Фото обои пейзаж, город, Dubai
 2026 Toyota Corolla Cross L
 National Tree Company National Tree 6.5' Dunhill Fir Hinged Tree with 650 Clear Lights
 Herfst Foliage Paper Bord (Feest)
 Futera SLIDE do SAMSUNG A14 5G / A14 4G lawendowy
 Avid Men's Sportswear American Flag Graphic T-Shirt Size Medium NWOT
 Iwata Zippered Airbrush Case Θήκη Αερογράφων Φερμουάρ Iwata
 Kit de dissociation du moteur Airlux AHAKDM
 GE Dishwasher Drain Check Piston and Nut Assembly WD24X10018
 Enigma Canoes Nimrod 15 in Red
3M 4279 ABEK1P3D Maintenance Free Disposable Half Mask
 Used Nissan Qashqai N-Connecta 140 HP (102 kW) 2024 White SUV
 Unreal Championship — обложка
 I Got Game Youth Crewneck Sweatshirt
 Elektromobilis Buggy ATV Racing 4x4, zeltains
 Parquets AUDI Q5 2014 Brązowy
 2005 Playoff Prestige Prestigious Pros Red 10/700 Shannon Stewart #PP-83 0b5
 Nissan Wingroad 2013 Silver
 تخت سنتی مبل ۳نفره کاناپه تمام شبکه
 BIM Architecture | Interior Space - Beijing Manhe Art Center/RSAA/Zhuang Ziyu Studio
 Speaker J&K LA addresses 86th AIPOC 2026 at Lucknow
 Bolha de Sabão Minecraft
--*--
Reproduce the listing above exactly from the line containing "2005 Playoff Prestige" through its last line, with both of those lines included.

- **WRITTEN SOLUTION**:
 2005 Playoff Prestige Prestigious Pros Red 10/700 Shannon Stewart #PP-83 0b5
 Nissan Wingroad 2013 Silver
 تخت سنتی مبل ۳نفره کاناپه تمام شبکه
 BIM Architecture | Interior Space - Beijing Manhe Art Center/RSAA/Zhuang Ziyu Studio
 Speaker J&K LA addresses 86th AIPOC 2026 at Lucknow
 Bolha de Sabão Minecraft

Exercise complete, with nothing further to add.